We are now coming into the second month of 2018 and as always, It’s survival of the fittest when it comes to Canadian retail. While some struggling brands manage to restructure and optimize operations following filing for bankruptcy protection, others are left swirling in a downward spiral toward being obsolete. We hate to see retail closures result in layoffs, liquidations and losses, but there are a few big brands that may just be headed in that direction come 2018. The truth is, retailers are struggling and these stores might be in trouble. Keep reading for all of the details.
We reported in May 2017 that Michael Kors had plans to close over 100 stores due to declining sales. Stores on the chopping block have not yet been revealed. Industry experts say that the drop in sales is a result of the brand’s decrease in perceived value. Michael Kors has discounted handbags in an effort to target value-driven shoppers, at the same time losing their luxury appeal.
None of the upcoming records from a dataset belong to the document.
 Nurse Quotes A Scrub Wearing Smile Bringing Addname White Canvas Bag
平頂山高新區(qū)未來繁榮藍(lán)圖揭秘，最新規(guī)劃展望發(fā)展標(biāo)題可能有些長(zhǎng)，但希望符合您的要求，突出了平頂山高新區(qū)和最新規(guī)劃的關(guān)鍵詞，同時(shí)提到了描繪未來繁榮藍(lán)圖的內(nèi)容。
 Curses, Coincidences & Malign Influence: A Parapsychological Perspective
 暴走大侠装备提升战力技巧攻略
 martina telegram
Toys “R” Us made headlines in September 2017 with the announcement of filing for bankruptcy protection. This major toy retailer has no plans to close stores. However, this will likely be determined following 2017 Q4 results from a successful (or lacklustre) holiday sales season. Toy “R” Us currently operates 82 stores in Canada.
Gap and Banana Republic
With big debt looming and a bankruptcy protection announcement in January 2017, Tip Top Tailors owner Grafton-Fraser Inc. felt pressure to restructure earlier this year. In June 2017, twelve underperforming store locations closed following the sale of the business to GSO Capital Partners. With hundreds of jobs lost with the handful of closures, who knows what other changes this retailer will see under its new ownership?
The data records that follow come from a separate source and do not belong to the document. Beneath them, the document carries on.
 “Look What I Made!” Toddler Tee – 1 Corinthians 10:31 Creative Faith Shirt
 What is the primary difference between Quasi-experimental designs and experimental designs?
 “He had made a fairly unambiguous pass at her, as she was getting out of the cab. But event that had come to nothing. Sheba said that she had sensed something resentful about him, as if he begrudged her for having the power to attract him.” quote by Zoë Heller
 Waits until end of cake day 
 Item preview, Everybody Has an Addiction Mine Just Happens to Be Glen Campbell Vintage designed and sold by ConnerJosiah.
Once a mall-goer’s destination, Abercrombie and Fitch is now a fading memory of collegiate style. Since 2015, the number of A&F Stores across North America has dwindled despite efforts to reinvigorate the brand.
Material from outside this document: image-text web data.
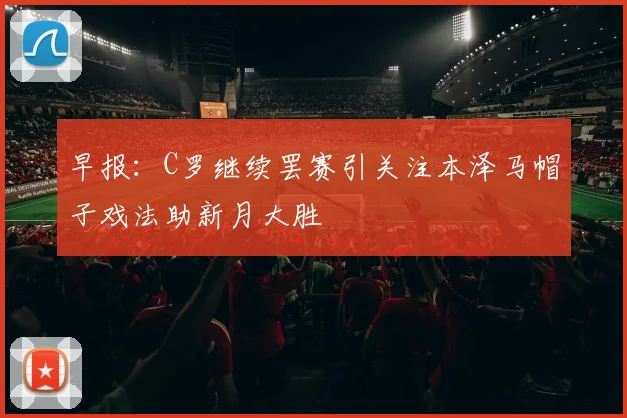 早报：C罗继续罢赛引关注本泽马帽子戏法助新月大胜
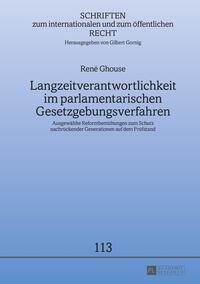 Langzeitverantwortlichkeit im parlamentarischen Gesetzgebungsverfahren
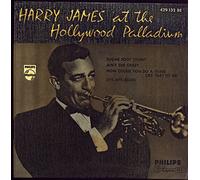 HARRY JAMES - AT THE HOLLYWOOD PALLADIUM 7 INCH (7" VINYL 45) UK PHILIPS 0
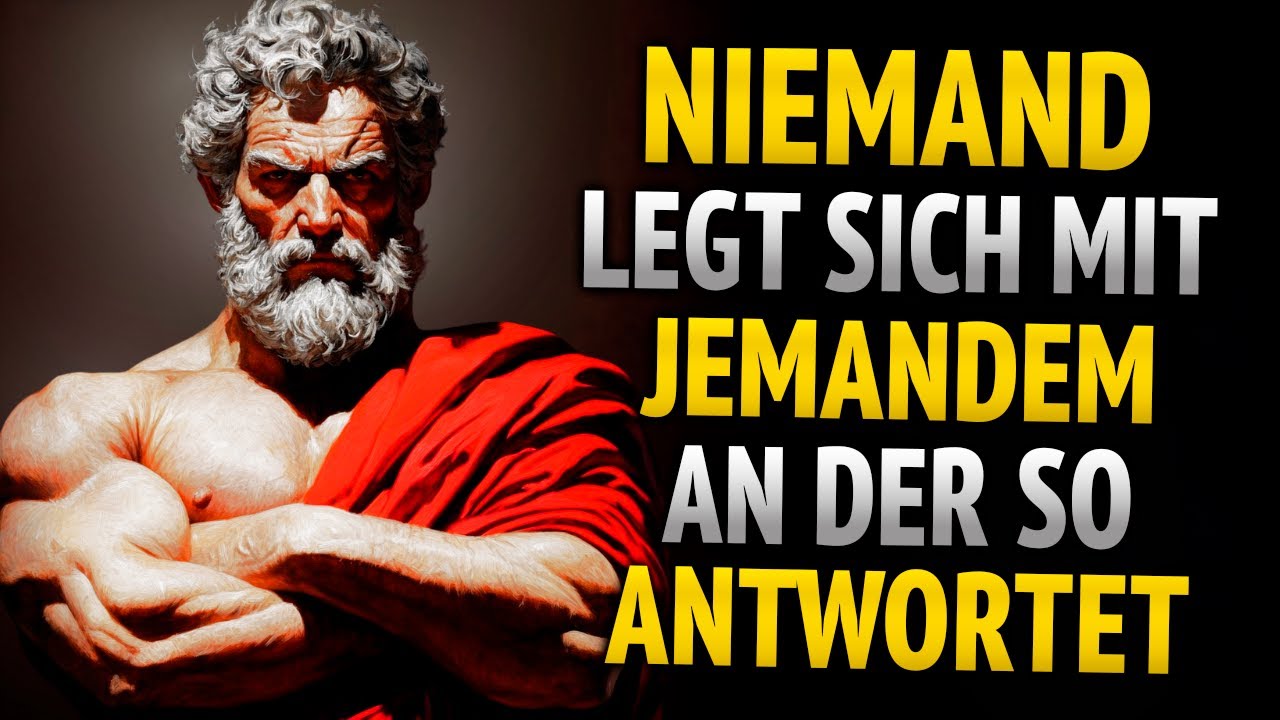 5 INTELLIGENTE ANTWORTEN, DIE JEDEN ZUM SCHWEIGEN BRINGEN | STOIZISMUS | STOISCHE WEISHEIT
Ann Taylor, LOFT and Justice
An announcement by Ascena Retail Group to indefinitely close between 250 and 650 stores by July 2019 will shock the retail landscape. Ascena Retail Group, the owner of retail brands operating in Canada such as Ann Taylor, LOFT and Justice, is hoping to close stores in an effort to reduce costs and pursue rent breaks with landlords to keep remaining stores open.
In January 2017, Canadian denim emporium Jean Machine filed for bankruptcy protection. In March 2017, Jean Machine was purchased by Comark Services Inc. to save the struggling retailer. With 30 locations across Ontario, new owners plan to reinvigorate stores with brighter lighting and paint. Time can only tell if the changes are successful.
Will you be sad if any of these struggling brands close their doors in Canada?